Study: USP quality standards support U.S. generics market
A new study released in the journal PLOS One found that on average, drugs with a public quality standard developed by the U.S. Pharmacopeia had approximately 50% more generic manufacturers compared with medicines without such a standard.
Researchers from Johns Hopkins University, who developed the study, "Association Between USP Monograph Standards, Generic Entry and Prescription Drug Costs," concluded that quality standards helped facilitate pharmaceutical competition and reduce prescription drug costs in the United States.
Public quality standards for medicines, also known as monographs, which are developed by USP, set specifications for purity, potency and other quality attributes, which assist generic manufacturers in more efficiently gaining regulatory approval for drug products.

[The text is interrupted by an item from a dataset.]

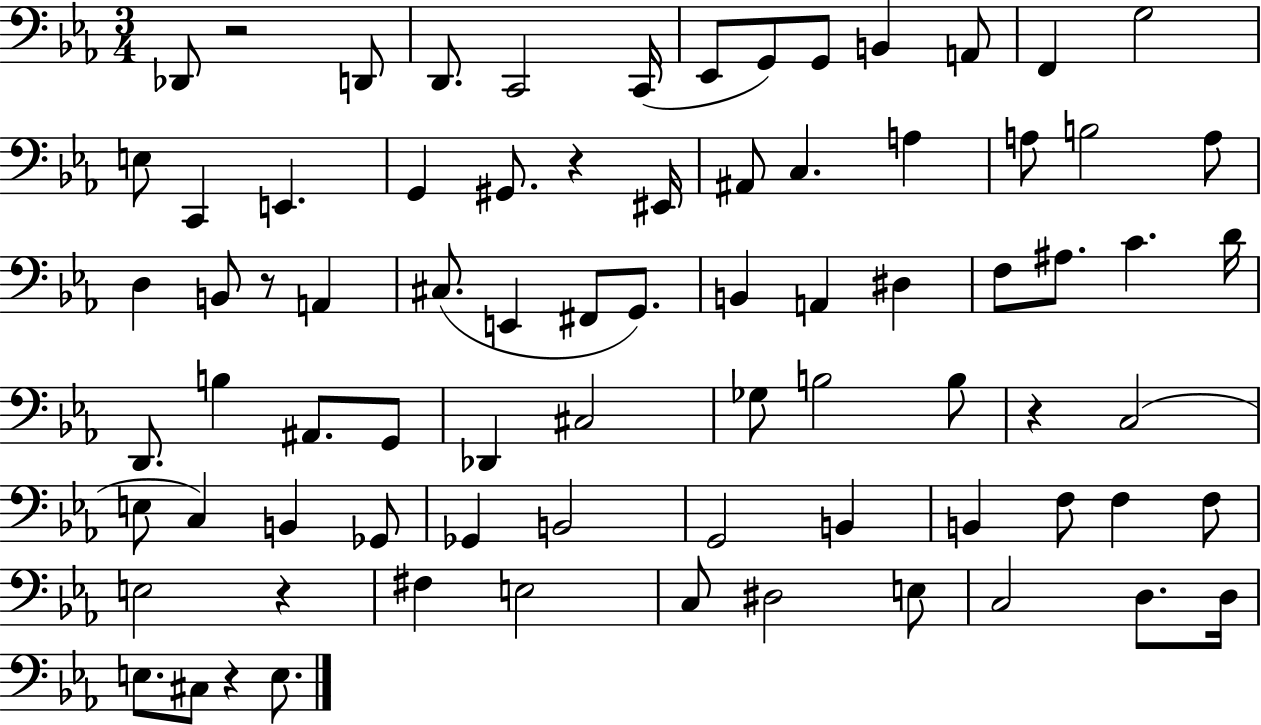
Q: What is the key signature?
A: EES major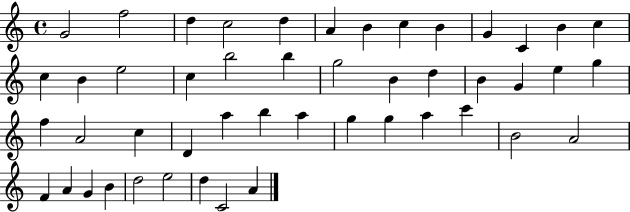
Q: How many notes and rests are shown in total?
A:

Researchers estimated these standards increased competition in the generic medicines market and reduced overall prescription drug costs by $11 billion in 2015 and 2016.

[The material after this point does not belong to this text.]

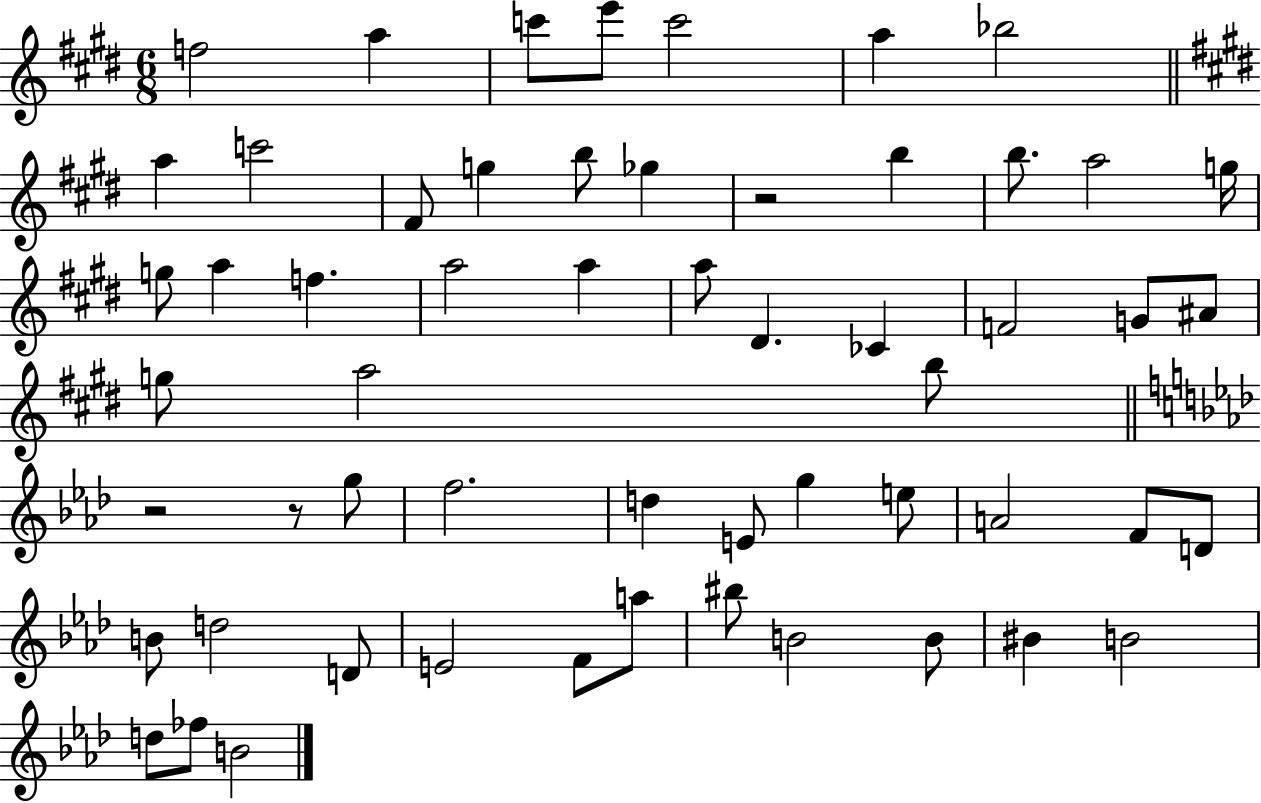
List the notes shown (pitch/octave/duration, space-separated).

F5/h A5/q C6/e E6/e C6/h A5/q Bb5/h A5/q C6/h F#4/e G5/q B5/e Gb5/q R/h B5/q B5/e. A5/h G5/s G5/e A5/q F5/q. A5/h A5/q A5/e D#4/q. CES4/q F4/h G4/e A#4/e G5/e A5/h B5/e R/h R/e G5/e F5/h. D5/q E4/e G5/q E5/e A4/h F4/e D4/e B4/e D5/h D4/e E4/h F4/e A5/e BIS5/e B4/h B4/e BIS4/q B4/h D5/e FES5/e B4/h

"Mandatory, public quality standards have played a critical role in building the public's trust and confidence in medicines and have helped make America's drug supply among the safest in the world," said USP CEO Ronald Piervincenzi. "While we have long had anecdotal evidence about how our work positively impacts access to medicines, the Johns Hopkins study is the first to provide data on the economic benefits of mandatory public quality standards and links USP monographs to increased market competition and lower drug prices."
The Johns Hopkins study provides evidence in support of USP's Generics Access Plan, which launched in January to help increase access to medicines by facilitating generic competition through new and revised quality standards and related activities. USP's Generics Access Plan supports the FDA in its efforts to encourage the development of new generic medicines to promote competition, help reduce drug prices and improve access to medicines for Americans.
USP develops science-based quality standards, and adherence to them is required for all corresponding drug products marketed in the United States regardless of where in the world they are manufactured. A network of over 800 scientists and other experts from around the world volunteer their time and expertise to develop the standards through a collaborative, transparent process. Once developed, the standards are available publicly and relied upon by healthcare professionals, regulatory and enforcement agencies, manufacturers and others. The starting point for the development of a drug monograph is often a donation of scientific methods for materials from a pharmaceutical manufacturer.
"As this and future studies corroborate the savings achieved through the availability of USP monographs, we also want the manufacturing industry to recognize the important role they play in donating their scientific methods to create standards that improve access to quality medicines," said Piervincenzi. "We want to build on the collaborative process of public standards development to bring critical therapies to patients by ensuring a robust generic market."